Keuntungan bagi siswa, bila mengacu pada teori
Bloom, susun tahapan berpikir dari tahapan tingkat rendah (low
order thinking skill) menuju ke tingkat tinggi (high order thinking
skill) memudahkan siswa beradaptasi di setiap tahapannya sehingga
tidak kesulitan beradaptasi terhadap materi, sekali lagi dengan bantuan metode
belajar yang dirancang dengan pas. Dampaknya mendorong siswa kreatif dan kritis
dan menggunakan ragam kecerdasannya, memaklumi kelemahan dan kelebihannya
karena tertakar sesuai tahapan. Terhadap suasana belajar, akan lebih
menyenangkan karena tidak terjebak dalam kebuntuan belajar yang statis dan
monoton.
Membuat metode pembelajaran yang baik membutuhkan
imajinasi dan kreatifitas. Ben Zander seorang komposer lagu-lagu klasik
mengemukakan teori kebermungkinan, dia menyatakan seorang pemimpin yang hebat
mirip seorang konduktor terbaik, mereka menjangkau melampaui nada musik untuk mencapai
keajaiban di setiap pemain. Demikian juga guru di kelas dia dapat memilih
metode belajar yang tepat untuk mencapai kebermungkinan kemampuan muridnya
secara maksimal. Ben Zanders percaya bila setiap orang mempunyai nilai ‘A’
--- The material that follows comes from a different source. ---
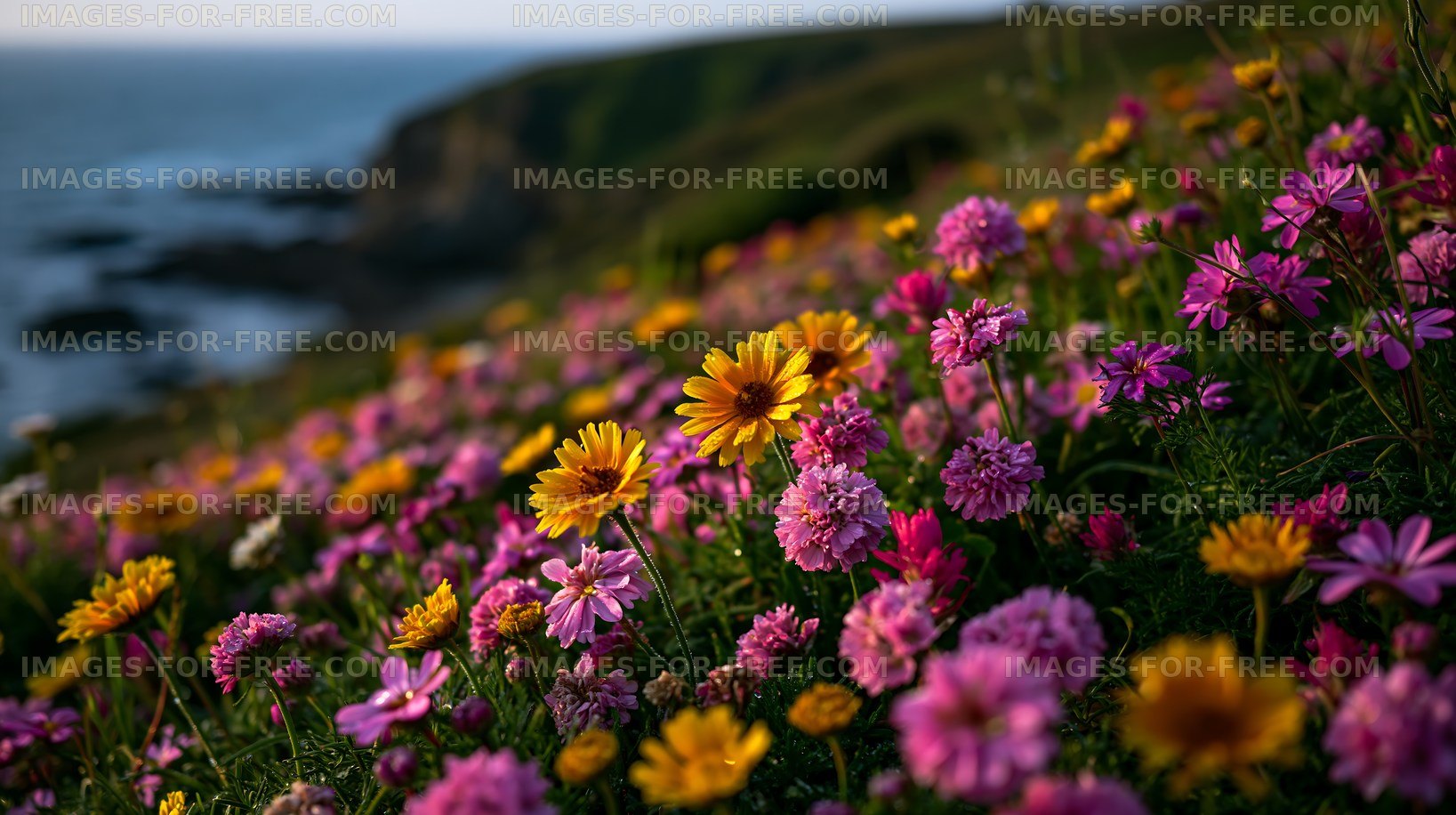 Colorful wildflowers bloom on a coastal hillside at sunset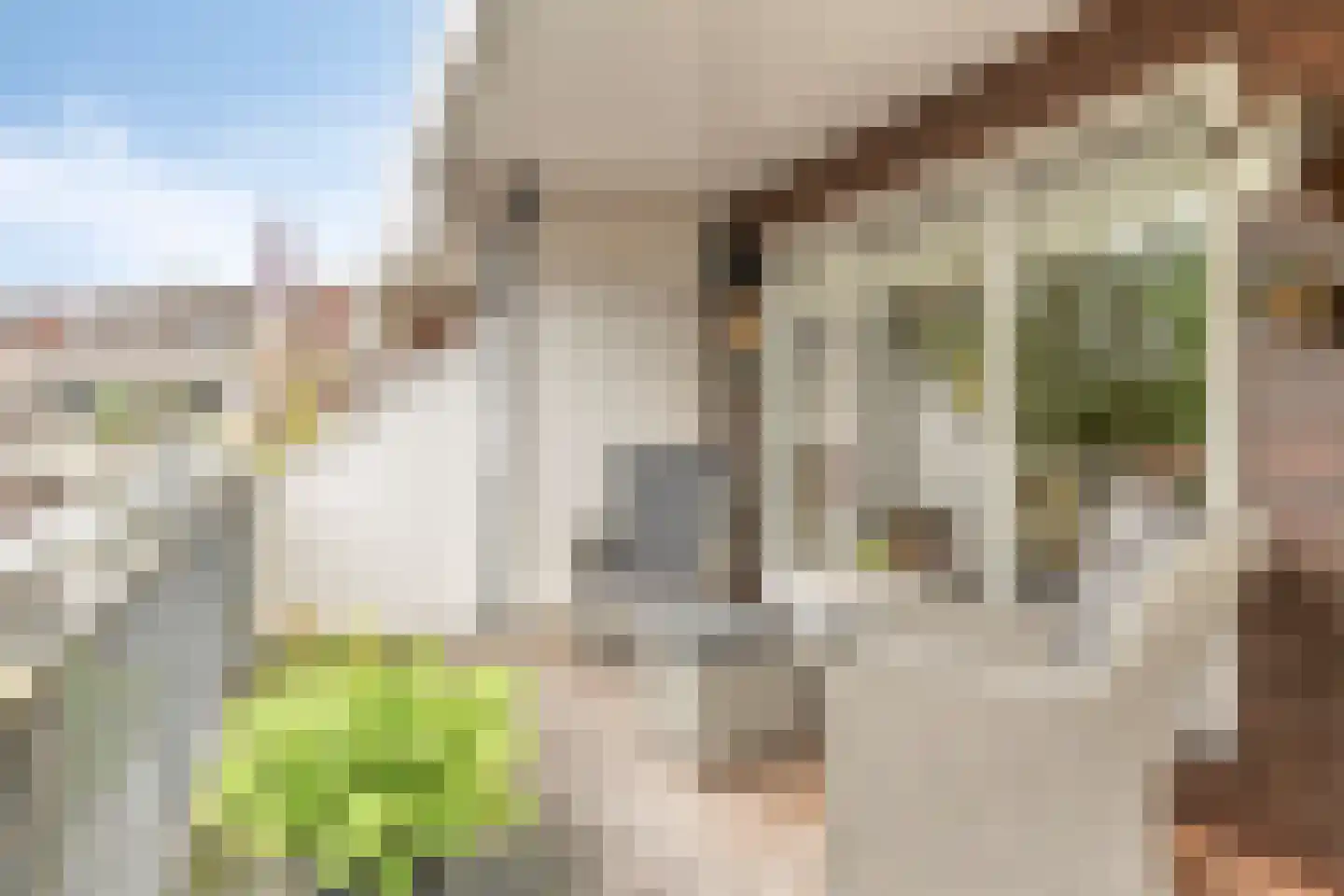 Eekschillersdreef 517 Apeldoorn thumbnail 19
di dalam dirinya, tergantung bagaimana cara menstimulasinya. Bila dikaitkan
dengan pemilihan metode belajar di kelas, guru dapat membangkitkan potensi
siswanya melalui stimulus yang tepat lewat metode-metode belajar kreatif dan
imajinatif, sehingga setiap siswa dapat belajar untuk memperoleh nilai ‘A’
sebagai hasil rangkaian kegiatan belajar.
Guru yang kreatif akan membiarkan dirinya menjadi
mirip dengan metode pengajarannya (Hallman: 2008). Metode mengajar tidak
terpaku pada satu macam saja tetapi dapat menggabungkan dengan berbagai metode
yang ada seperti metode penemuan, pemberian tugas, pemecahan masalah, penelitan
bahkan metode ceramah. Guru dapat menggunakan bantuan media visual,
audiovisual atau hasil karya satra. Pelajaran sastra diyakini mampu
menyuplai energi imajinasi, yang muaranya memberi rangsangan inspirasi
sekaligus kreatifitas. Sastra juga diyakini memberi kontribusi positif
bagi kehidupan, terutama sumbangan imajinasi yang menjadi medium manusia
mendapat ide dan teori (Wibowo:2010). Penemuan-penemuan besar bermula
dari imajinasi pelakunya, bahkan seorang Copernicus sang penemu aliran
Heliosentris tahun 1517 adalah seorang pengagum sastra yang nyentrik. Sehingga seorang guru
sastrawan atau penikmat sastra akan memiliki intuisi naluriah kreatif
yang penuh ‘mimpi-mimpi’ sehingga mengasah kemampuan lewat belajar, membaca,
menuliskan intisari bacaan dan menjadikannya sebagai kegiatan mengikat
ilmu adalah pekerjaan rumah para guru selanjutnya harus ditularkan kepada
murid-muridnya.
Dapat disimpulkan betapa pentingnya imajinasi dalam
mengembangkan metode mengajar. Guru yang kreatif mampu menjebatani
pelajaran menjadi belajar, melalui penemuan konteks suatu materi terhadap
kebutuhan keingintahuan seseorang dalam menemukan pemecahan masalah
kehidupannya sehari-hari dengan bantuan metode mengajar yang tepat. Seorang
guru yang kreatif adalah guru yang mengikuti perkembangan zaman melalui
tehnologinya tanpa meninggalkan nilai-nilai keluhuran dengan antusias, terbuka,
peka dan tetap belajar sebagai pribadi yang terus bertumbuh untuk menciptakan
komunitas yang berkemanusiaan yang beradab dalam suatu tatanan masyarakat.